I promise I’m not a wrecker, I just have trouble finding Marxist sources for these things that aren’t big books on top of what I’m already reading. I think I understand that it says the exchange value of a product is proportionate to the labor time used to create it. Am I getting that correct? More labor-intensive commodities, or products requiring more specialized tools to make would cost more. And I know I’ve heard the criticism before. Heard it pretty much all my life. “Is a cookie still worth its labor if it’s burnt? Is a pie worth the labor if it’s a shit pie?” I have heard people say that Marx addresses such criticisms in Capital, but I haven’t gotten around to those tomes yet. Could someone explain to me how they are addressed and maybe straighten out other things I may have gotten wrong?
If you want something visual, this short video (15:12) gives a more practical explanation for labour theory of value.
This relatively short section of “Wage Labour and Capital” addresses the specific issue of how labour value translates into prices in a straightforward way.
In a capitalist economy all surplus-value is labour.

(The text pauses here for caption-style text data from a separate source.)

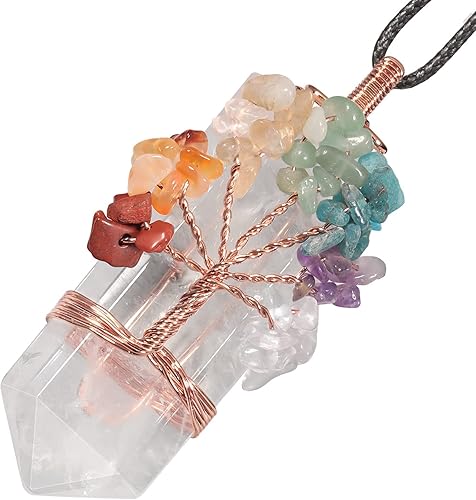 Miniatura 1 de Collar con colgante de punta de cristal envuelto en alambre de 7 chakras hecho a mano para mujeres y hombres, joyería de piedra curativa para regalo
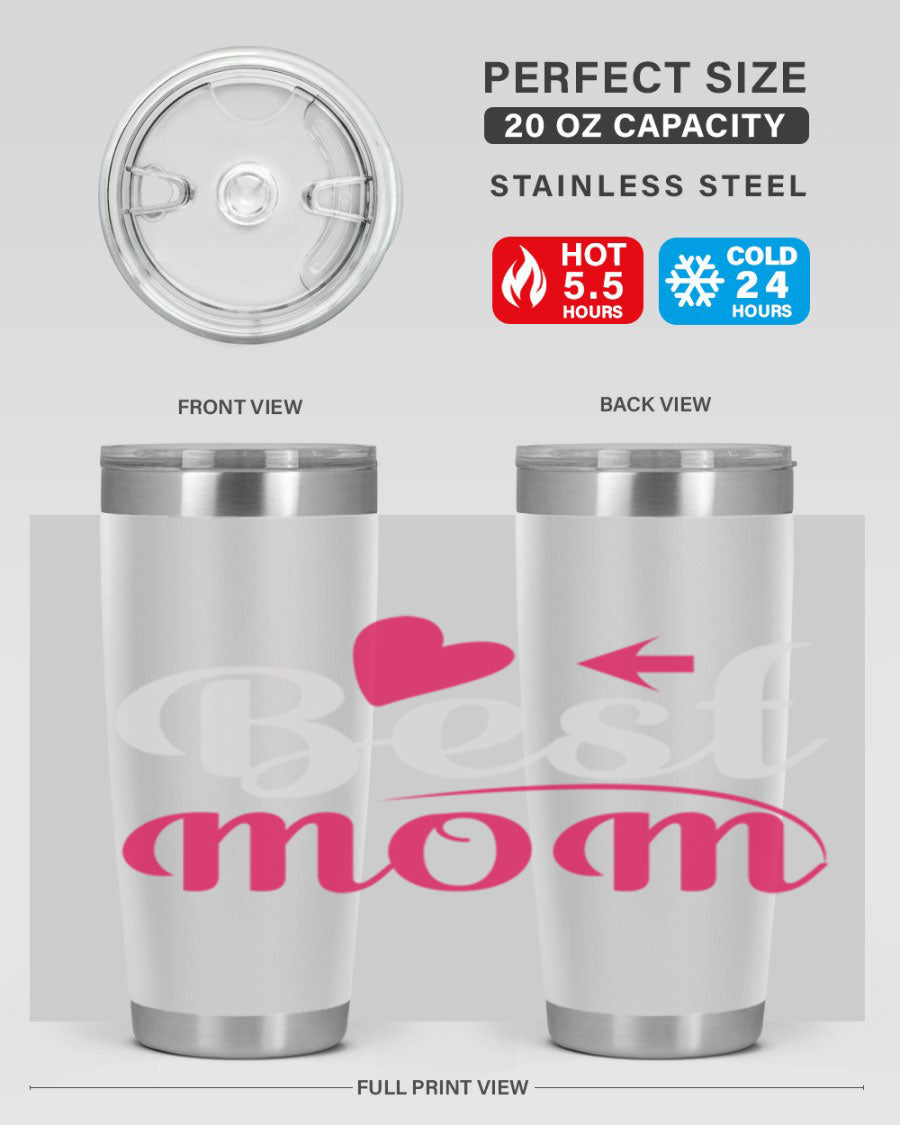 Best mom 201# tumbler in stainless steel with a drink-thru lid, showcasing its sleek design and vibrant print.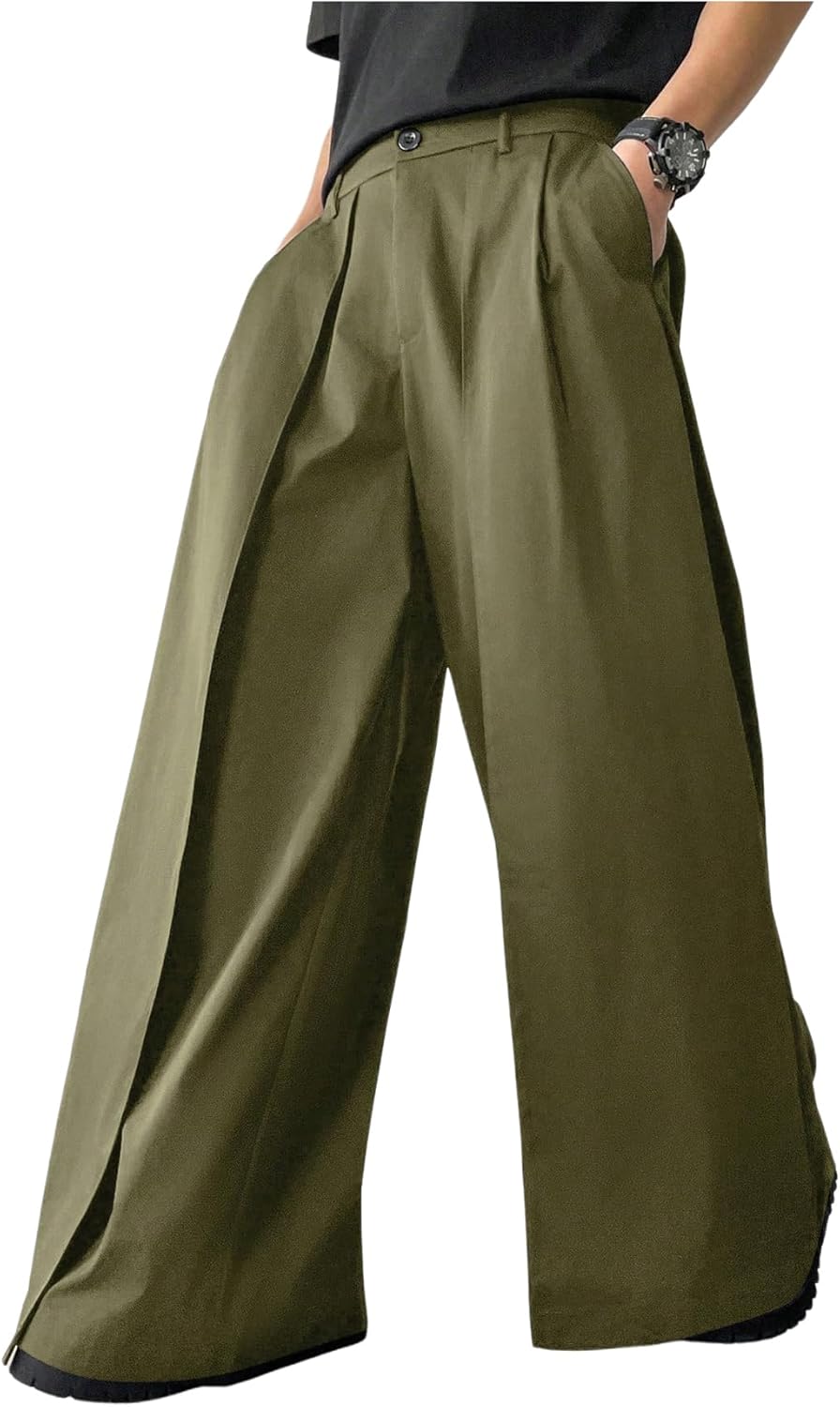 OYOANGLE Men's Baggy Wide Leg Pants Zipper Fly Pleated Trousers Business Casual Dress Pants with Pocket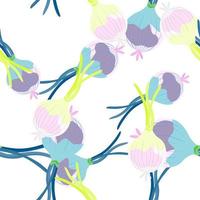 Hand drawn onion bulb seamless pattern. Onion in doodle style endless wallpaper. vector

The capitalist pays the worker for his labor-power (ie the capacity for labor) and not the total labour in a day. That “unpaid” labor makes up the surplus value which is monetised as profit.
A value of a commodity could be made up of constant capital (let’s say machinary for sake of simplicity) and variable capital (which is labour). But that constant capital itself is made up of labour as well; we could call constant capital dead labor and contrast that with the living labor of variable capital added to it make the total value.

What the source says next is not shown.